保険は、貯蓄では対応できない巨額かつ予想できない支払いの必要性が発生するリスクに対応できる、優れた仕組みだが、根本的には、「顧客側が不利な賭け」であり(そうでなければ保険会社が潰れてしまう)、なるべく利用しない方が得なものだ。

保険の損は年齢の高低を問わないが、高齢者も対象とした医療保険などが宣伝されているようでもあり、「保険はなるべく使わない」という心得を、アラウンド定年世代のために一項目掲げて置く。

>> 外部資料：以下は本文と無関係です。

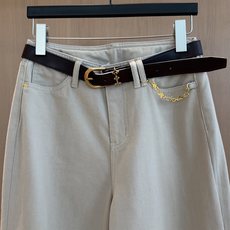 🛒𝐍𝐄𝐖 · 𝟐𝟎𝟐6/爆款现货 【秋冬新款】设计师|老花链条磨毛牛仔裤 采用高端定制面料,牛仔穿起来非常舒适,常规设计 🛒𝐍𝐄𝐖 · 𝟐𝟎𝟐6/爆款现货 【秋冬新款】设计师|老花链条磨毛牛仔裤 采用高端定制面料,牛仔穿起来非常舒适,常规设计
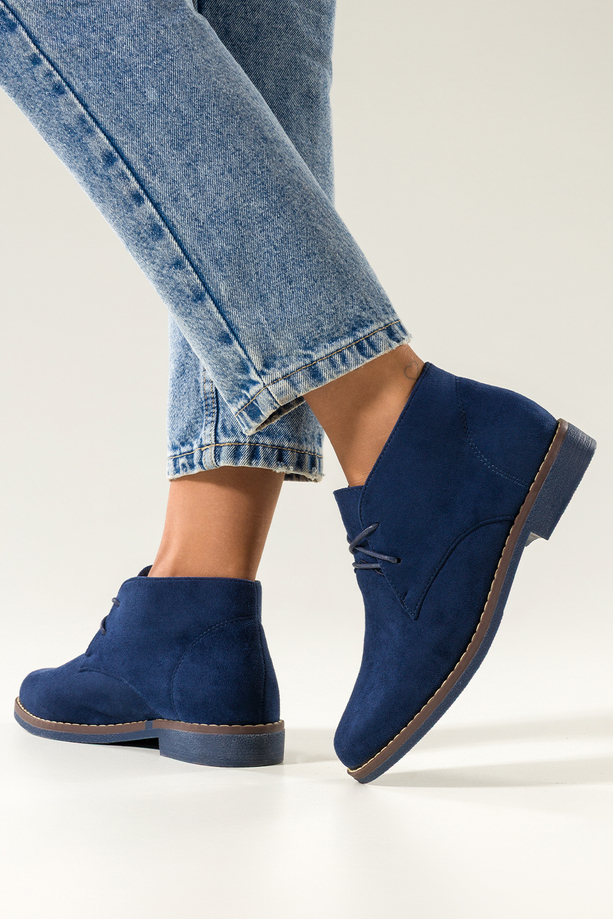 Granatowe botki damskie na płaskiej podeszwie z przeszyciami sznurowane Casu 8997-3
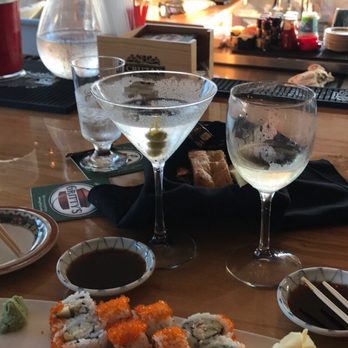 Mine Oyster - Excellent fresh sushi. - Live/Raw Food Near Me - Boothbay Harbor, Maine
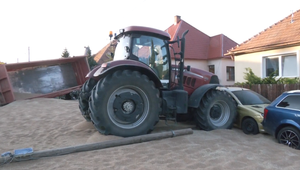 Mladý vodič s traktorom zdemoloval 4 autá. Pšenica z vlečky skončila rozsypaná po okolí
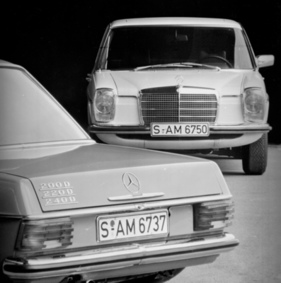 Mercedes-Benz 200 D (1973) - Front- und Heckansicht des W 115 nach dem Facelift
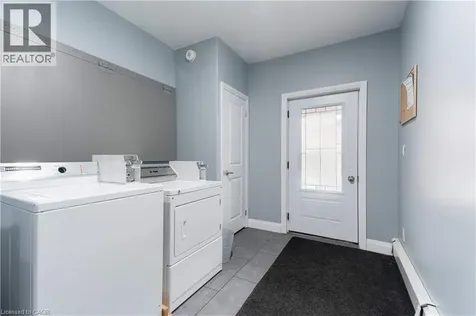 152 Sanford Avenue South Hamilton ON L8M 2G9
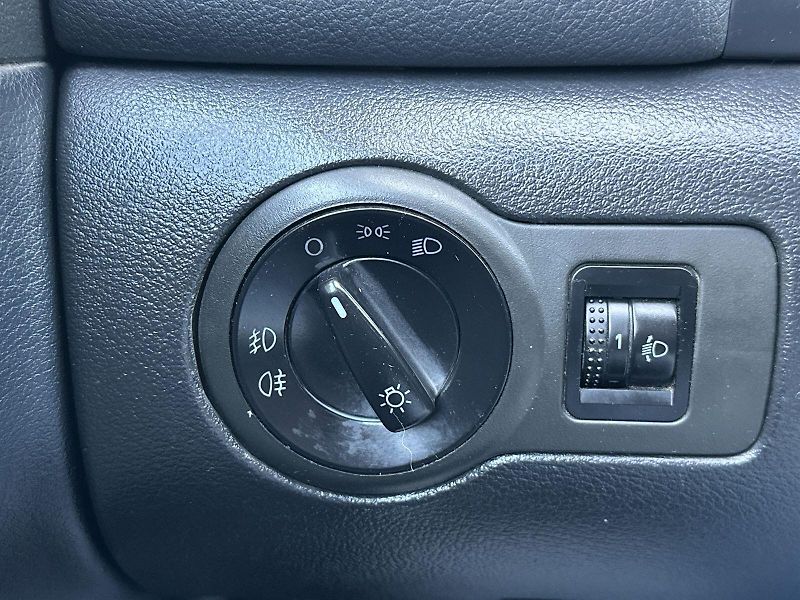Škoda Octavia (2008) Combi 1.9 TDI Tour - fotka 15 z 24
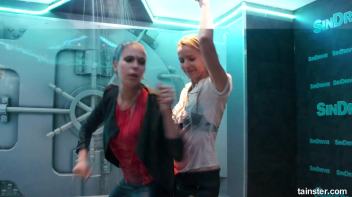 Wet amateurs owning these club showers Screencap 12 on www.sinx.com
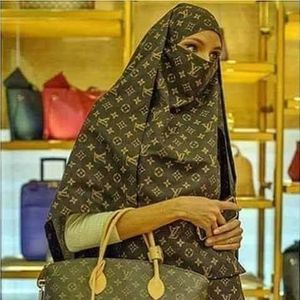 Meet your Posher, Ebony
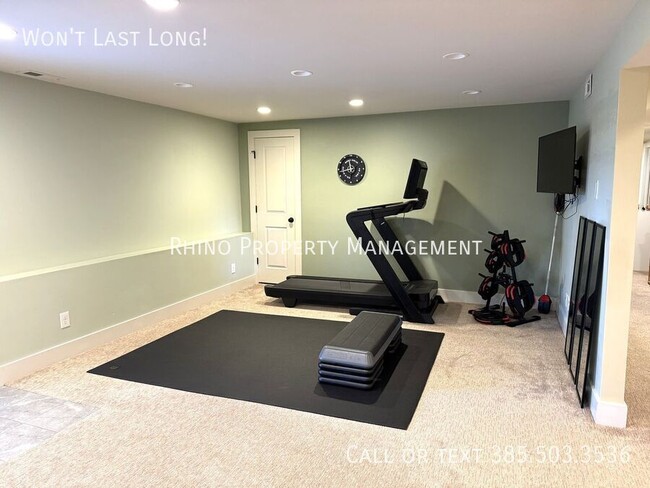 Building Photo - 7686 Mountain Estates Dr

(8)リスクを取りたくないお金はMRFか個人向け国債に



「貯蓄から、投資へ」と政府や金融界が何十年も連呼しても、高齢者の金融資産の大きな部分は銀行預金にある。長期的な株価の動きなどを踏まえて結果から見ると、日本人大衆の運用感覚はなかなか立派なものだとも言えるし、リスクを好まないという態度及びこれに対応する資金があることも事実だ。

但し、リスクを取りたくない資金について銀行預金が適切な置き場所かというと、そうではない。金融商品のセールスに関して銀行が警戒すべき相手だということ(前回拙稿をご参照下さい)を別としても、銀行の信用リスクの問題がある。

バブルが崩壊して日本の銀行の多くが揺らいだものの、預金保険の「ペイオフ」はまだ実施されていないが、今後もそうだとは限らない。1000万円を超えるお金の置き場所は重要な問題だ。

また、中途解約の場合の精算を考えると理論的に預金が得な場合もありうるが、国債よりも信用度が劣るはずの日本の銀行の預金の利回りがどうして国債よりも低いのか。

リスクを取りたくないお金はどこに置いておくといいのだろうか。

筆者のお勧めは、MRF(マネー・リザーブ・ファンド)と個人向け国債の10年物(変動金利)だ。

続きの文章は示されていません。